Nightmare in Wichita
- Author: Robert Beattie
- Language: English
- Genre: True crime
- Publisher: Penguin Books
- Publication date: 2005
- Publication place: United States
- Published in English: 2005
- Pages: 352 pp
- ISBN: 0-451-21738-1

= Nightmare in Wichita =

2005 true crime book

Nightmare in Wichita: The Hunt for the BTK Strangler by lawyer Robert Beattie is a non-fiction book about a serial killer in Wichita, Kansas, known as the BTK Strangler. The book debuted at No. 4 on The New York Times bestseller list upon its April 2005 release.

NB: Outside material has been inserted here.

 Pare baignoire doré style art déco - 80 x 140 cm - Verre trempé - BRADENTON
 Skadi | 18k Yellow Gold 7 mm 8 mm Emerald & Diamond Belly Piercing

Dennis Rader, a city compliance officer and church council president working in Park City, just north of Wichita, was ultimately arrested, charged and convicted of the crimes. Beattie, who lives in Wichita, compiled the book based on interviews with police officers and detectives familiar with the case. Rader's capture, on February 25, 2005, happened just as the book was in the final stages of editing. An addendum about Rader and his arrest was added before the book went to press.

Many, including some Wichita police officers, have speculated that the fact that a book about BTK was being written was what caused the killer to reemerge in 2004, which led to his arrest the following year. Beattie researched the book for two years.

In its review, TruTV's "Crime Library" criticized the book for filling up "many, many pages with (the author's) meetings with various individuals that clearly interested Beattie, but are likely to bore readers." But the article also credited the book for including "quite a bit of detail that never got into the newspapers."